A modular architecture based on microservices and APIs ensures ERP scalability and resilience. Progressive integration of modules limits risks and simplifies maintenance.

Microservices and APIs for Interoperability

Breaking the ERP into autonomous microservices allows each component to be deployed, updated, and scaled independently. APIs expose clearly defined, documented business functions.

This granularity offers technical agility: an incident in one service doesn’t affect the entire system, and teams can apply updates without heavy coordination. Open-source tools support this approach, avoiding vendor lock-in.

An API-first strategy guarantees seamless integration with third-party solutions: CRM, BI, payroll, or procurement systems. Standardized exchanges reinforce data flow consistency and flexibility in choosing technology partners.

Middleware and Progressive Integration

Middleware acts as a data bus, orchestrating exchanges between the ERP, existing applications, and new interfaces.

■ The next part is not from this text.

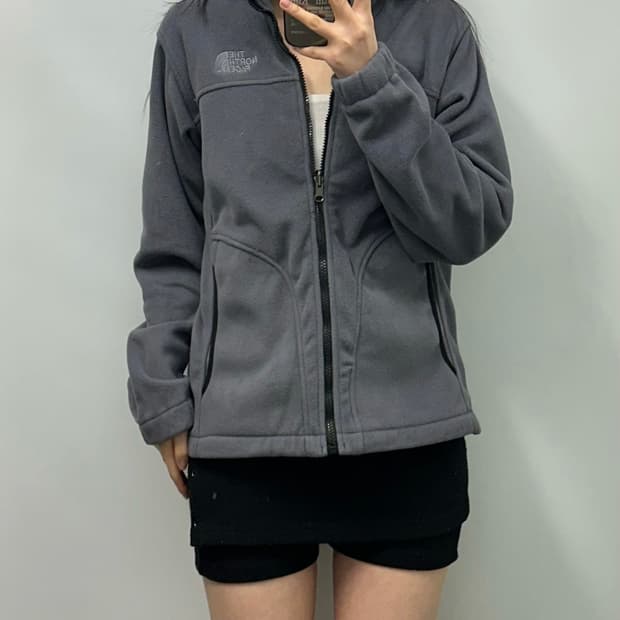 노스페이스 자수로고 그레이 플리스 자켓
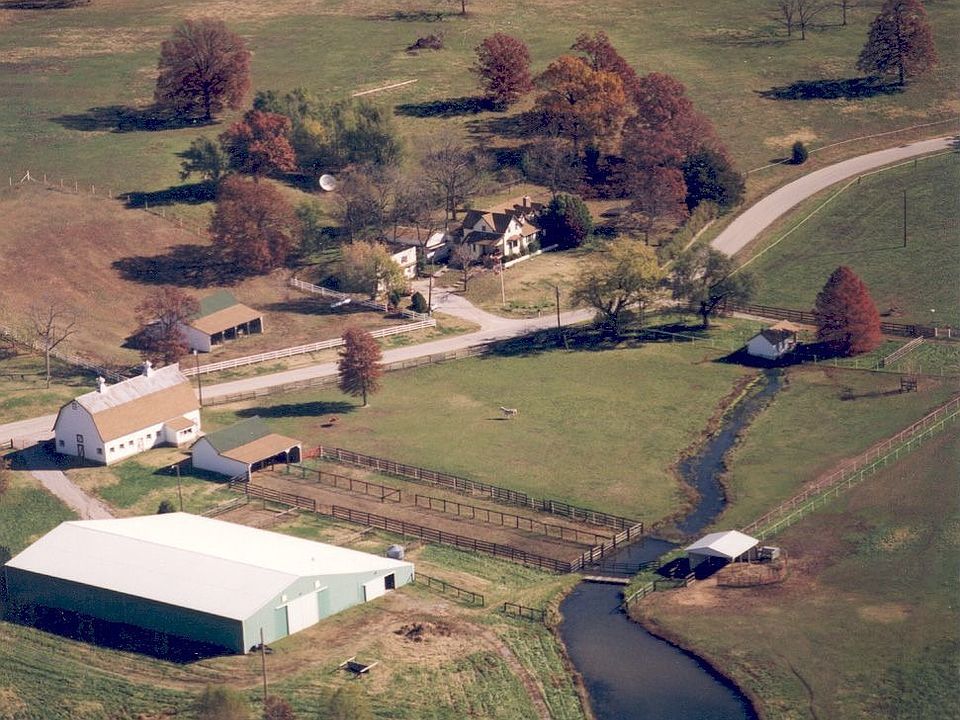 Five Mile Ranch,riding arena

It centralizes data transformation and synchronization.

Integration doesn’t happen all at once. You start by connecting priority modules, then extend the functional scope as needs evolve. This phased approach limits high-risk cutover periods.

Each phase includes end-to-end testing before proceeding to the next, ensuring reliability and traceability of intersystem transactions. The middleware thus becomes the guardian of overall consistency.

Modular Go-Live Strategy

Instead of a “big bang,” the ERP goes live in self-contained module batches: inventory management, billing, procurement, or human resources. Each batch can be switched over independently.

This strategy reduces dependency effects and aligns with the business teams’ pace, allowing them to train and adapt processes before each rollout. The risk of a full-system interruption is therefore contained.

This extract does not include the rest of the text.